I'm wondering why the Forest Service didn't notify the public that the Green Knob reissued timber sale was rushed ahead and excluded from this larger planning process.

What is at stake is the integrity of the Shasta Costa watershed's surface and groundwater temperatures, so necessary for salmon survival. Temperatures are already under stress from previous reduction of shade in riparian areas and drying trends stemming from global warming.

So why wasn’t the logging along Bear Camp Road included in the Forest Service's larger project analysis for the Draft Environmental Impact Statement?

This lack of transparency by Forest Service leadership has been troubling me for months. The public should have been involved, or at least informed.

Let's look at some history.

The Forest Service Organic Administration Act of 1897 provides the statutory basis for what became our country's national forests. The Act prioritizes two things (in this order) to improve and protect our public forests: (a) securing favorable conditions of water flows and (b) furnishing a continuous supply of timber.

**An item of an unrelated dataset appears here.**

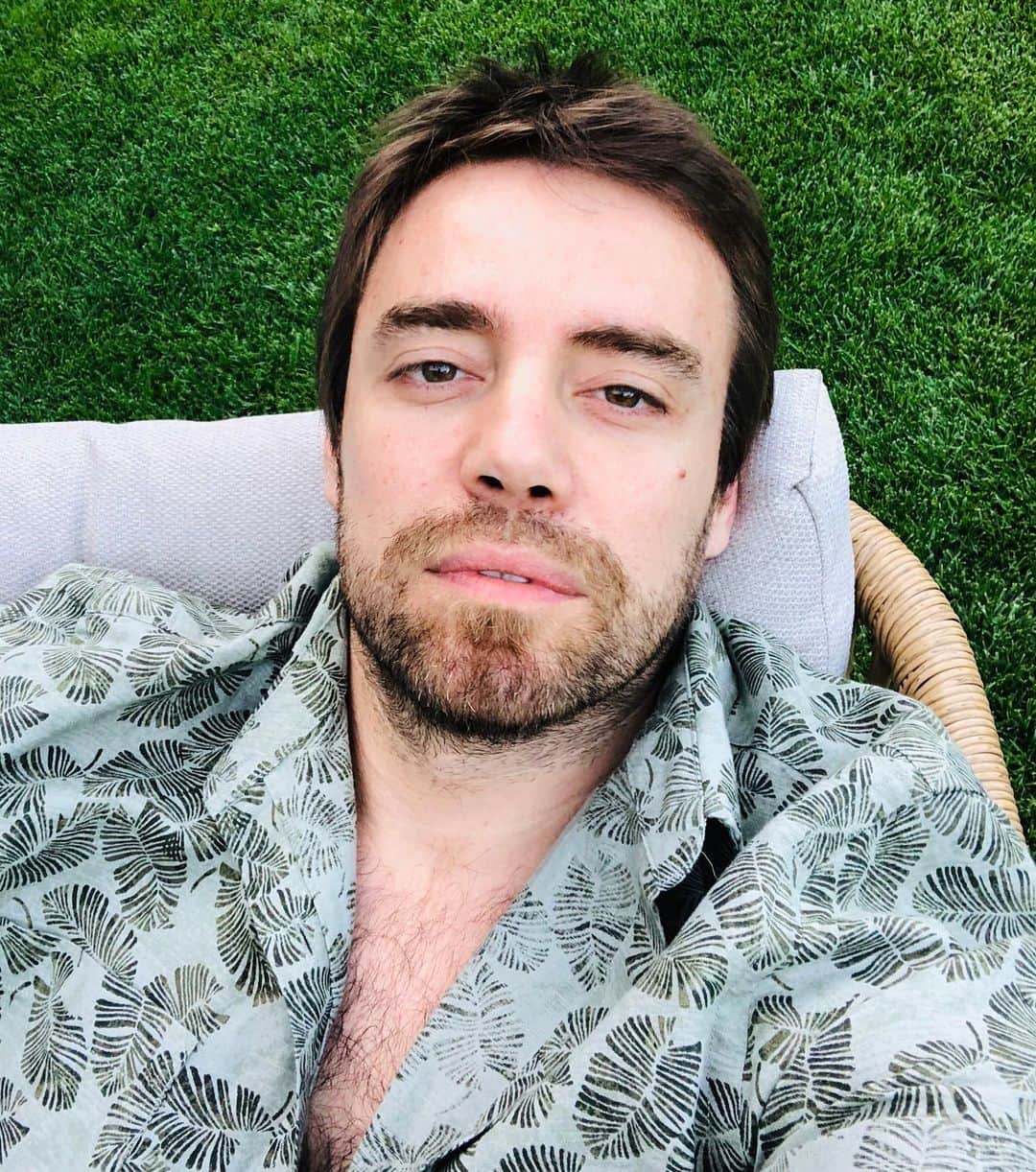 muratdalkilicのインスタグラム：「Yazlık gömleği giydik thanks🌞」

In 1975 researchers estimated that 75 percent of the aquatic habitat for coho salmon and steelhead in the Rogue River basin had been destroyed since white man's settlement.

In 1991 the Forest Service wrote the first Environmental Impact Statement for logging in Shasta Costa. The proposed timber sales originally started out with a broad “forest restoration” objective, but ended up being oriented toward maximizing revenues. Shasta Costa survived that threat, because thousands of citizens spoke out, and the adoption of the Northwest Forest Plan established the Late Successional Reserves and Key Watershed areas instead.

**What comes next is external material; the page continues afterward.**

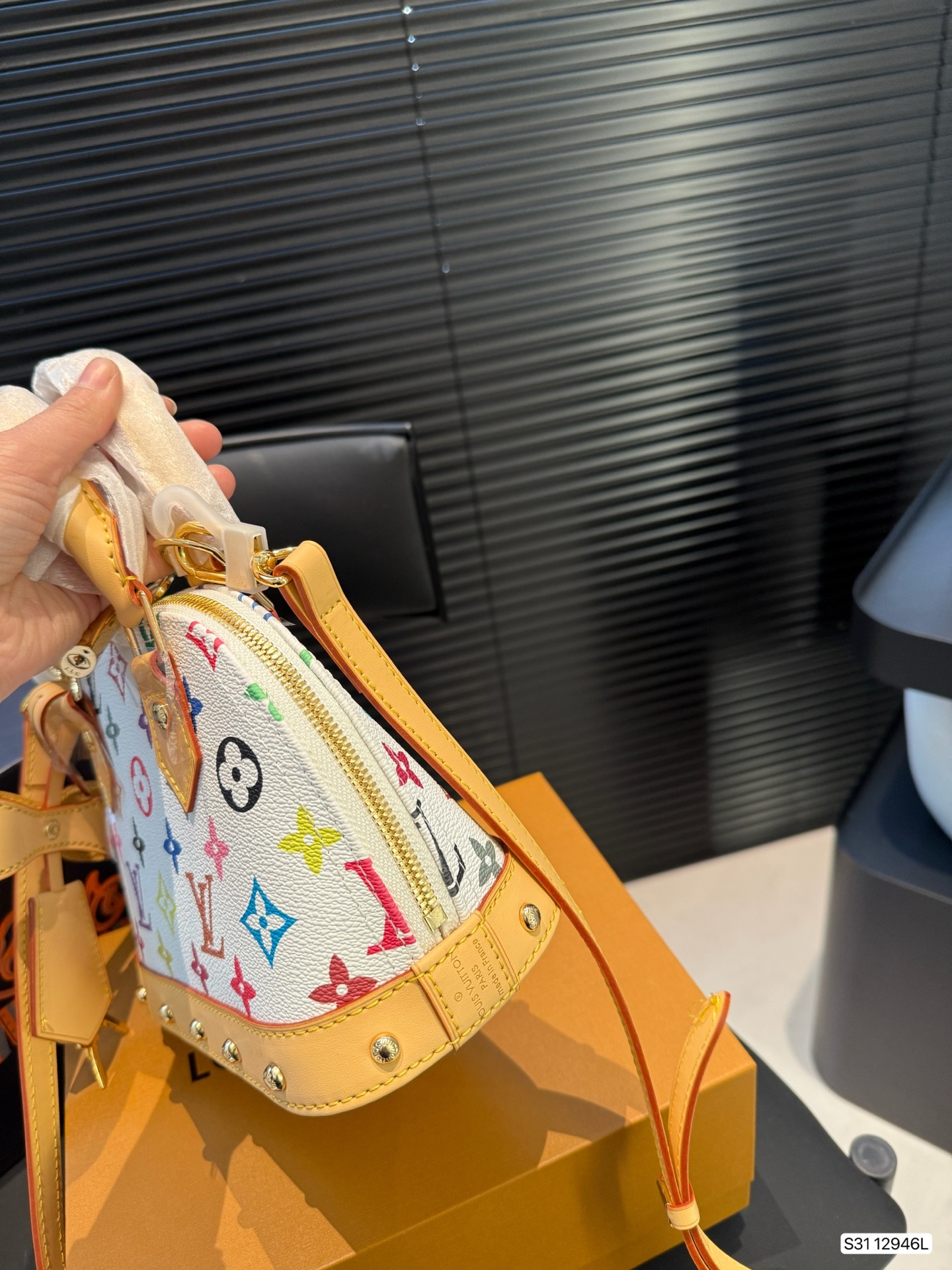 Louis new arrival bb bag size:20 * 15 cm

Recently I participated in the Wild Rivers Coast Forest Collaborative, a Forest Service advisory committee of stakeholders in Curry County. The collaborative's initial project decision was to work with the Forest Service to develop a plan to restore oak savanna ecosystems in the Shasta Costa Creek watershed. Our group's proposal suggested methods such as thinning plantations, removing invasive species and reducing fuel loads.

Unfortunately, this focused plan was substantially amended by the Forest Service, and what began as a restoration project for oak savannas has expanded into a major timber cutting proposal with logging in Late Successional Reserve and Key Watershed areas.

This would be a dangerous precedent for undermining the Northwest Forest Plan's protections for public forests west of the Cascades.

The Rogue River-Siskiyou National Forest and its Gold Beach District have suffered massive budget cuts in recent years, so their level of operations now also depend on their ability to sell timber and receive funding under the KV formula for sharing timber sales revenue. Thus there is increasingly strong pressure on regional and local Forest Service management to get the cut out.

I firmly believe that many of the agency specialists engaged in today's planning process were working for an environmentally viable outcome, but the forces from the timber industry, Association of O&C Counties and Forest Service budget requirements have been strong.

Consequently, the public needs to be vigilant in scrutinizing all Forest Service timber sale proposals, starting with the Agness Shasta Costa Project, that would set a precedent of weakening the Northwest Forest Plan. We still need protected Late Successional Reserves and Key Watersheds to assist the survival of salmon runs across the Pacific Northwest.

— Jack Churchill has lived in Agness for 25 years and traveled the Bear Camp Road. As a political economist, he had an extensive career in administration of land and water programs for the US Departments of Agriculture, Interior, and EPA, as well as the State of Oregon. He helped author the Oregon Water Management Act, which became the basis for the state's Watershed Councils.